◆ **About this task**:
Retype nothing except the lines below from the one with "Turron diverso de" through the one with "vídeo - Forno", exactly, with images left out.

◆ **Provided entries**:
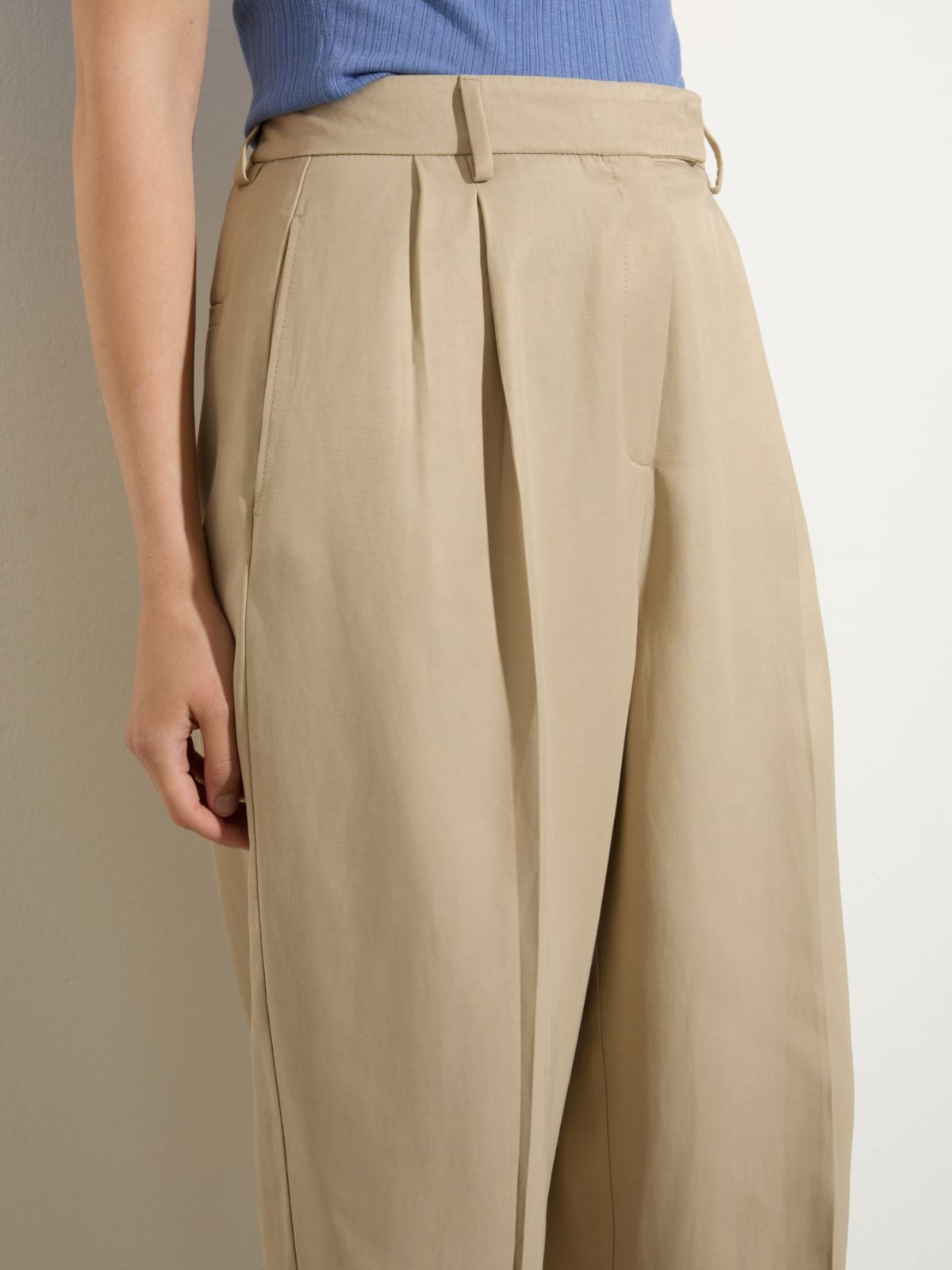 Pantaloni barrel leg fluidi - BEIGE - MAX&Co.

==

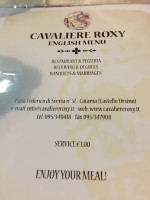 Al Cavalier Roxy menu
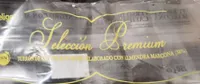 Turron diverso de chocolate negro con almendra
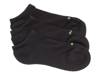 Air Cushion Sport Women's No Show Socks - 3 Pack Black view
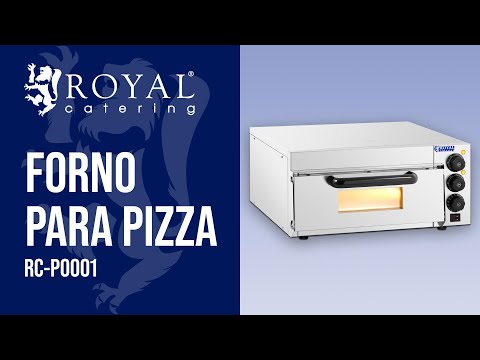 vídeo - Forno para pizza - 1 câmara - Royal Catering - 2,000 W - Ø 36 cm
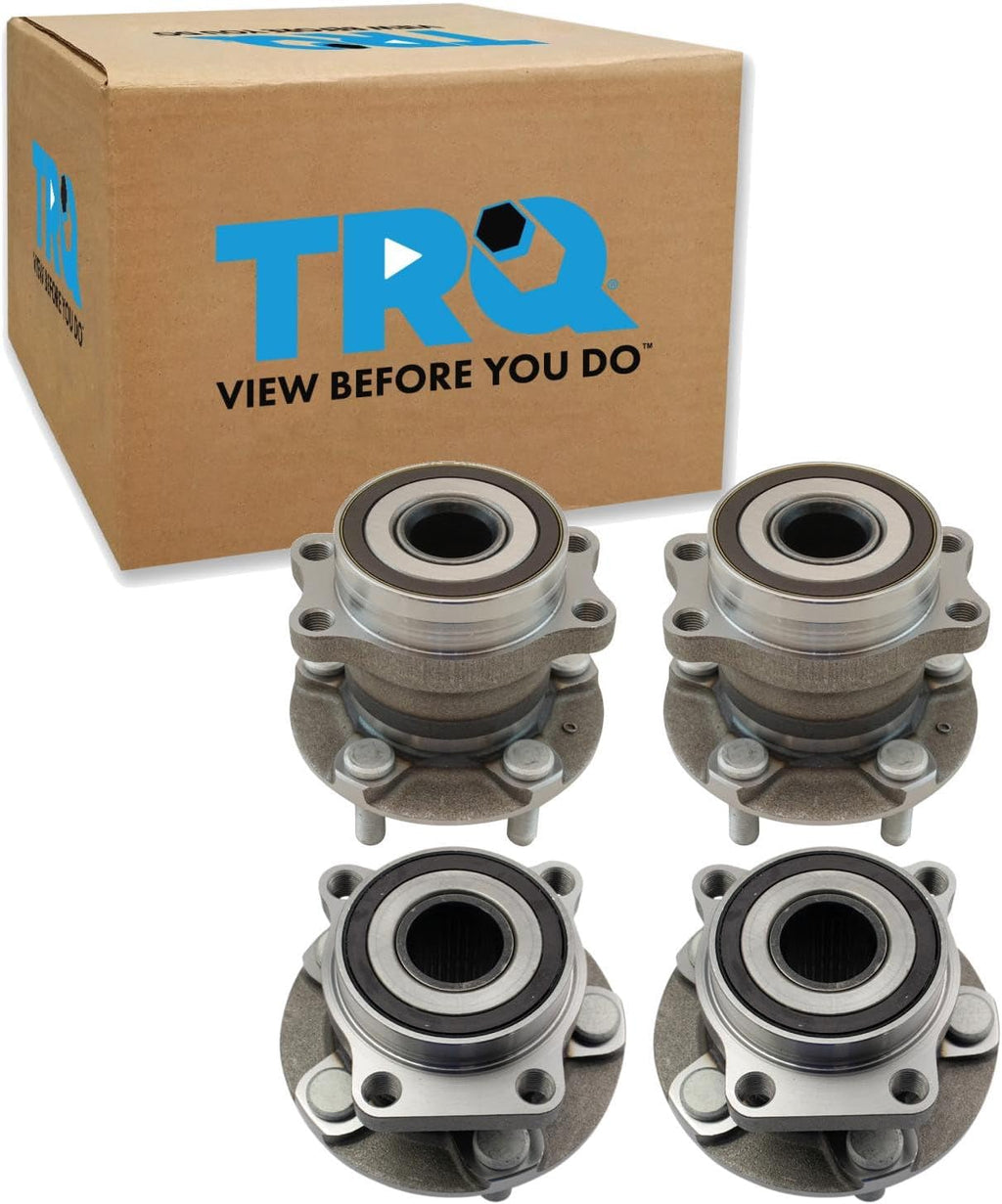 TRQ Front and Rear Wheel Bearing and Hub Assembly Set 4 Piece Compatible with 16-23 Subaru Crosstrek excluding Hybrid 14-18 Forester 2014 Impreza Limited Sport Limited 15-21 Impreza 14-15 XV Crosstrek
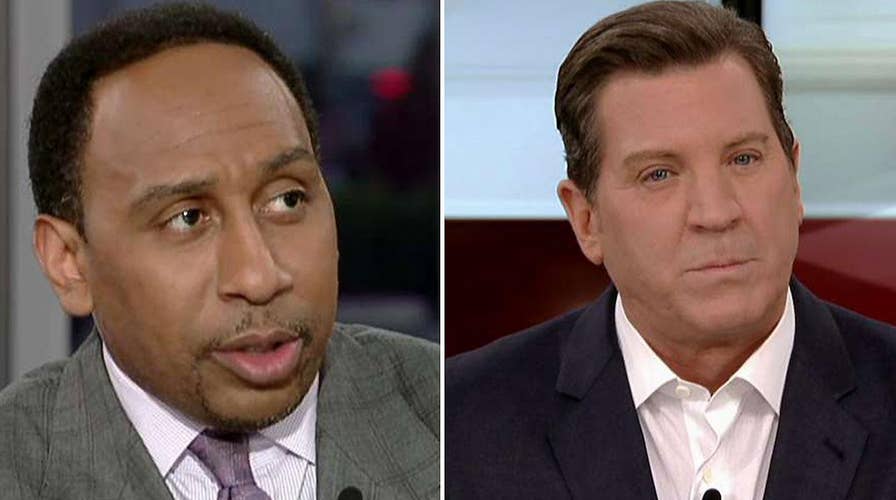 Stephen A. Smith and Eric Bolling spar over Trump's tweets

◆ **Response**:
 Turron diverso de chocolate negro con almendra
 Air Cushion Sport Women's No Show Socks - 3 Pack Black view
 vídeo - Forno para pizza - 1 câmara - Royal Catering - 2,000 W - Ø 36 cm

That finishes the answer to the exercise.